Rain kept us in, in CoPhi yesterday morning, where the topic of choice was love. Told again my tale of romantic friends who've held out for a perfect match, a singular better half without which they'd be forever incomplete, and in consequence spent the better part of their lifetimes alone. That story ends with a twist, now, since my friends finally found adequate matches in their later innings - or would they say "perfect"ones? Either way, my contention is that we ought not condemn ourselves to searching for needles in haystacks, when we might find what we're looking for right under our noses, out in the open. Might even find a surfeit of possibilities.

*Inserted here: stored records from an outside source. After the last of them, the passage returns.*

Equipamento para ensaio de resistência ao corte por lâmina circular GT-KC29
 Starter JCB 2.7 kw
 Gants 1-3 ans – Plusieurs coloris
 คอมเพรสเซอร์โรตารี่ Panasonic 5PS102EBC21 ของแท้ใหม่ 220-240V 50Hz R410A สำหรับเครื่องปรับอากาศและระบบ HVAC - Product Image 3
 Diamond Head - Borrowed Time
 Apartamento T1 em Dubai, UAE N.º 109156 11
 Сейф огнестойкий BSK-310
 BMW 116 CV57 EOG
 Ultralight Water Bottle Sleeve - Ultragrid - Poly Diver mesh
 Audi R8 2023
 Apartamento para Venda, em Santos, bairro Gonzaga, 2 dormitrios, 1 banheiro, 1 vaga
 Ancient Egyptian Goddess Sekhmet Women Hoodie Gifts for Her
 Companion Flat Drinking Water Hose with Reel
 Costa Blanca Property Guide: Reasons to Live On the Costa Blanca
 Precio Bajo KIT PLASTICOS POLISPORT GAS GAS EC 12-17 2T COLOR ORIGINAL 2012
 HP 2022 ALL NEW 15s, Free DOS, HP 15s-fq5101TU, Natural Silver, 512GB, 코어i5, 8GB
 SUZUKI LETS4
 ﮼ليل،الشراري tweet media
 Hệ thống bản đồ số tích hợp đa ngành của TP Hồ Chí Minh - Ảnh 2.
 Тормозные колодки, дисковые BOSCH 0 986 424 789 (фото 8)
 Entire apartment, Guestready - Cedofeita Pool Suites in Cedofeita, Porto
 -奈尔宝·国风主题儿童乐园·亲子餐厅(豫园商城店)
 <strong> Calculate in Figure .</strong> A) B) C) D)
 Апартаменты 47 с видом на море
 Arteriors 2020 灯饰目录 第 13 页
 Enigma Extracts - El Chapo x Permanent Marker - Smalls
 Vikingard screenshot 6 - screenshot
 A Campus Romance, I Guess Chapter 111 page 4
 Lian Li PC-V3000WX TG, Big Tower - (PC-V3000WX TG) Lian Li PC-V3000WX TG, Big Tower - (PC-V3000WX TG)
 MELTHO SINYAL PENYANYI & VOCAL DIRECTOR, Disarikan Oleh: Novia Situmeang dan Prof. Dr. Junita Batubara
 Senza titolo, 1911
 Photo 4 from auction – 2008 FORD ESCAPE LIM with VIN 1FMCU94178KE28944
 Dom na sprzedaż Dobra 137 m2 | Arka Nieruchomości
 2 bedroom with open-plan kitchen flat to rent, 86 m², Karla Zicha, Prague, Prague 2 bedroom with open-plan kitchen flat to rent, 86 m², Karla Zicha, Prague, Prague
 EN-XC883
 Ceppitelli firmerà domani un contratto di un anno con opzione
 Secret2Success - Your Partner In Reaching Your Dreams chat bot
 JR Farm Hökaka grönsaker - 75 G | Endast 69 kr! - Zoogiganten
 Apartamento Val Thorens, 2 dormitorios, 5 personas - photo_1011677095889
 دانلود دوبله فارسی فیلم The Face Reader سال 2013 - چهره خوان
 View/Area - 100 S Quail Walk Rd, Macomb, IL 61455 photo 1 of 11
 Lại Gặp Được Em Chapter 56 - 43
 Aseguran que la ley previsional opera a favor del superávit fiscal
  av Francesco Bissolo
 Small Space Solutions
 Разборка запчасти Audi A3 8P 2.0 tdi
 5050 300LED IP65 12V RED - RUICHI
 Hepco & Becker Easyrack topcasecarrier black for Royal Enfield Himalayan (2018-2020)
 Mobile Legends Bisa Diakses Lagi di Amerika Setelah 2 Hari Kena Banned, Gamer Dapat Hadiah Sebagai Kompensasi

Not everyone is willing to renounce the pursuit of perfection, though I do think I notice fewer young people lately who say they're waiting for their perfect prince(ss). Those who do, the Christian Platonists, tend also to say that they're trusting God, the ultimate matchmaker.com, to arrange it. But for most, it seems, love - like happiness - is a choice and not a destiny. I call this progress.
By late afternoon the skies had cleared, and we concluded Happiness by choosing to take our discussions outdoors. The last chapters of Daniel Haybron's Very Short Intro left us with many choices: Will having kids make you happier? Or better? Is acting badly "out of the question," even if it makes you happier? What will they say about you at your funeral? Is it true that no old person every entertains a final regret at not having ended it all much earlier? Are our devices and the social media they plug us into turning us into ironically anti-social drones?
But the topic we finally chose, and (so far as I could tell) did not answer uniformly, was simply to comment on Haybron's plainest statement of principle: "One should not be an asshole in the pursuit of happiness." It may be your perfect right, but it is still wrong. At least, it's our right to say so.